• RECORDS FOR PROCESSING:
• • • • •
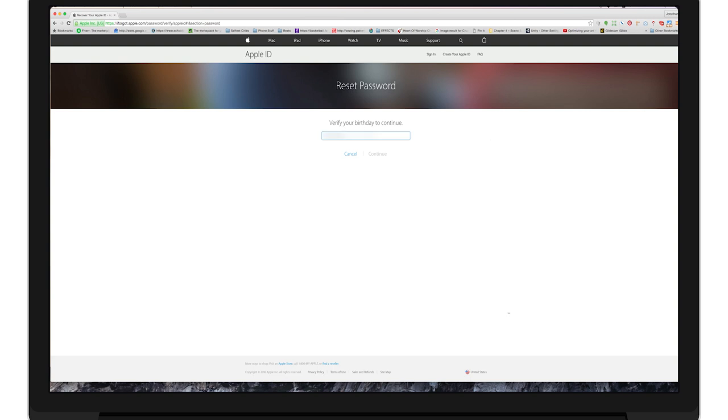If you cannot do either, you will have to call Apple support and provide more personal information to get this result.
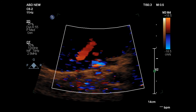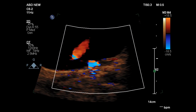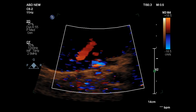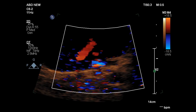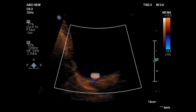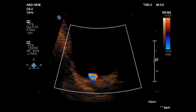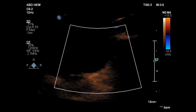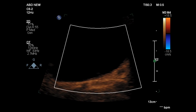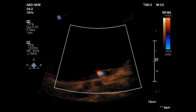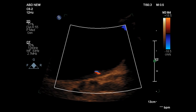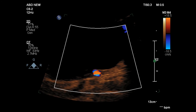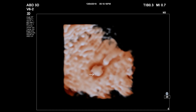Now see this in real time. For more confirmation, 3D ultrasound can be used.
• • • • •
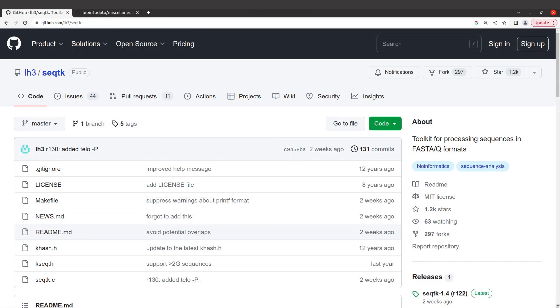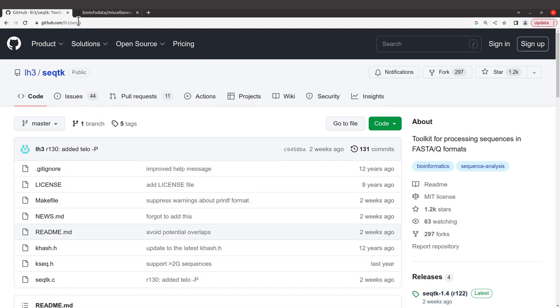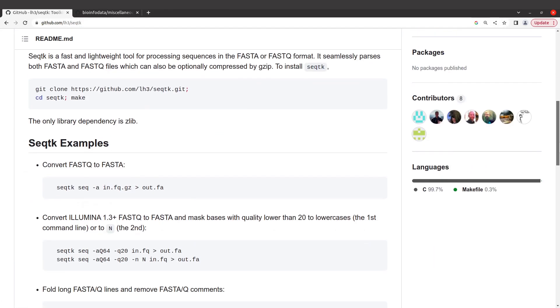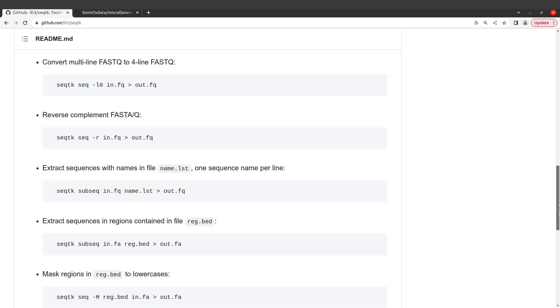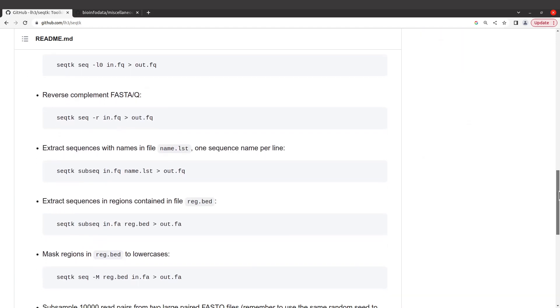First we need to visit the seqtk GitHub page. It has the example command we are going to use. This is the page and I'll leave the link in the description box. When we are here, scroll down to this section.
• • • • •
• YOUR TASK: Your reply is to be an exact repeat of the listing above from the line holding "If you cannot" down to the line holding "Now see this", ends included, pictures excluded.

• SOLUTION TO THIS PROBLEM:
If you cannot do either, you will have to call Apple support and provide more personal information to get this result.
Now see this in real time. For more confirmation, 3D ultrasound can be used.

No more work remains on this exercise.